Abstract of the Presidential Address at the Annual Meeting: “Inequality: Historical and Disciplinary Approaches”

Patrick Manning | Nov 1, 2016

In Rio de Janeiro, high-rise buildings loom in front of Rocinha, one of the largest favelas in Brazil. Wikimedia CommonsInequality is a contemporary social dilemma of growing concern. Has it been constructed through human agency, or is it a simple fact of nature? In their debates, ancient philosophers and modern analysts have been critical of inequality without being able to resolve it. For the past two centuries, human thought has pursued social equality and democratic governance, while the realities of social change have brought new economic and social inequalities.
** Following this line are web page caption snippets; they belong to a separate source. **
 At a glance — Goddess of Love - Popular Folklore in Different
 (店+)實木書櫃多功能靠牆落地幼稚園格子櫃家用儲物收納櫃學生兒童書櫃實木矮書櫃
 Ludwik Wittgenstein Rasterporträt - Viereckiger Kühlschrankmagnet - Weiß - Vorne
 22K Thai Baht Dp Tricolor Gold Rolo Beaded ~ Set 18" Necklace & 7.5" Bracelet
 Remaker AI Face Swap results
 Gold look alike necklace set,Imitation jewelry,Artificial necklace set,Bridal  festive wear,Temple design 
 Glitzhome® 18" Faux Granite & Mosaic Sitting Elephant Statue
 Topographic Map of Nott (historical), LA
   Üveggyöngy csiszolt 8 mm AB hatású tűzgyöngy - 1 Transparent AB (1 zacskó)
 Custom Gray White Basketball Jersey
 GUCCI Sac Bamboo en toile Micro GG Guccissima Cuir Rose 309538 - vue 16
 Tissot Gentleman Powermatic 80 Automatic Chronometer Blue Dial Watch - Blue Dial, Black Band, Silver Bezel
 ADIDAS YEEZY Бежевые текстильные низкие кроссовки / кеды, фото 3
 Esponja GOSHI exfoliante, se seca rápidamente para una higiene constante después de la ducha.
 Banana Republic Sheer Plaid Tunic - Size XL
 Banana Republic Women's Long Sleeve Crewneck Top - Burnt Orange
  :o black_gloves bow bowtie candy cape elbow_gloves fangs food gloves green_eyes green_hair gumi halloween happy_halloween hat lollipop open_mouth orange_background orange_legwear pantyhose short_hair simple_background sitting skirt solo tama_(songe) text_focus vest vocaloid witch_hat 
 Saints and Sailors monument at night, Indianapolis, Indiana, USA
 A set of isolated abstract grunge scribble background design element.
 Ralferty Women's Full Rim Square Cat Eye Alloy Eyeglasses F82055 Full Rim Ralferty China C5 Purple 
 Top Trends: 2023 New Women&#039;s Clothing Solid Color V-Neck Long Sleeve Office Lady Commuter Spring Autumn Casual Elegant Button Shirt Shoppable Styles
Understanding inequality in society will require a large-scale research project. The hypotheses articulated and tested must be the strongest and most relevant. What is the social function of inequality? Can regulation limit inequality? Do patterns of inequality connect worldwide? Is social prejudice more basic than economic inequality? Does inequality come from the top or bottom ranks of society? Have there been cycles of inequality? We need to explore such questions with data on the full range of human activities, at levels from the family to big regions (for example, the Caribbean, Southeast Asia, Europe, Africa) to the planet.

This presentation will survey recent research on inequality and propose a design for an interdisciplinary campaign to clarify the history, trajectory, and influence of inequality. While economic analysts have shown that the top 1 percent of individuals hold the majority of today’s wealth, how does that relate to hierarchies of gender, race, nationality, health, and nutrition? Historians, to guide this work, must build on the growing comprehensiveness of historical studies—in narrative, collaboration, theory, and disciplinary alliances. Researchers must assemble archival data, conduct field research, simulate missing data, and reach for the great new potential of information science to locate relationships within both data-rich and data-poor domains. The outcome will not end the debate on inequality, but will raise it to a new and evidence-based level.